▸ PROMPT: What you should give back is a precise copy of the lines below from the one containing "Icy landscape of" through the one containing "a living room", with no pictures.
═══ EXERCISE DATA ═══
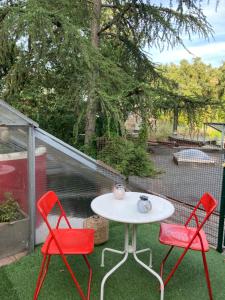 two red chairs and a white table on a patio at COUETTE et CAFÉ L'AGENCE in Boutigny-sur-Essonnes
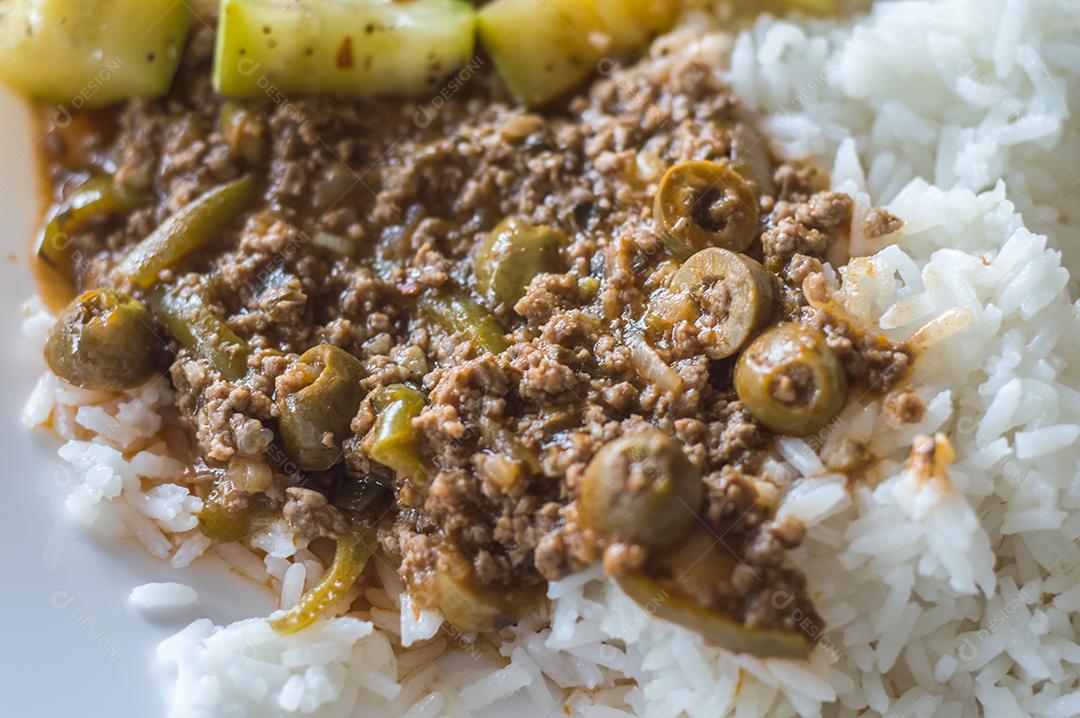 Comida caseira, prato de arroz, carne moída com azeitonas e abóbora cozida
═══
═══ EXERCISE DATA ═══
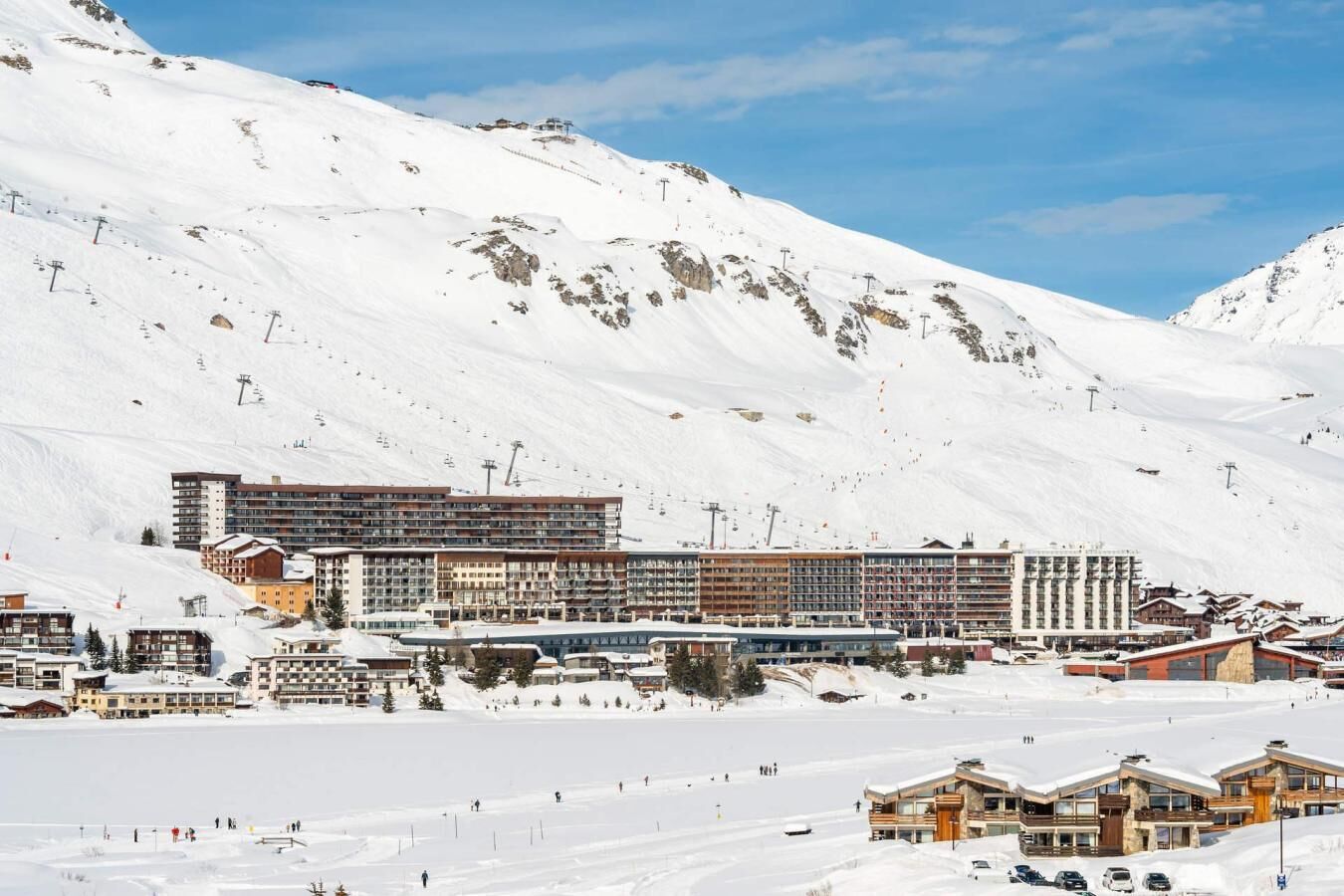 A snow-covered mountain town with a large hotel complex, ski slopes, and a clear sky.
═══
═══ EXERCISE DATA ═══
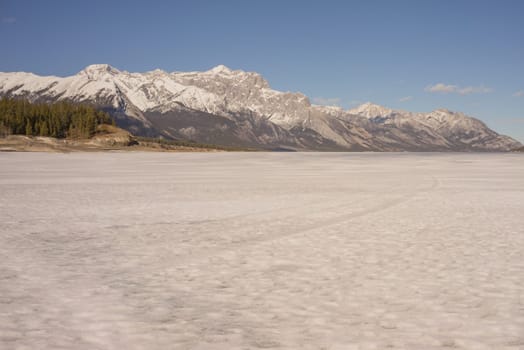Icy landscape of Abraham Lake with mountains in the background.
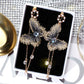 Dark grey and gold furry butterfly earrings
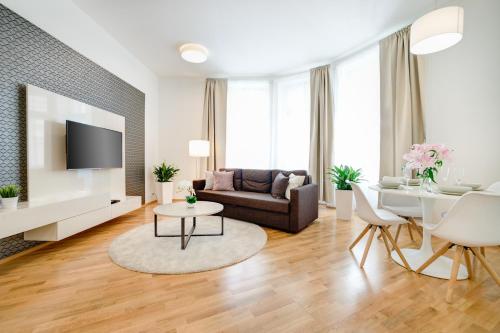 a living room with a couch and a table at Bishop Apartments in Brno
═══
▸ TASK OUTPUT:
Icy landscape of Abraham Lake with mountains in the background.
 Dark grey and gold furry butterfly earrings
 a living room with a couch and a table at Bishop Apartments in Brno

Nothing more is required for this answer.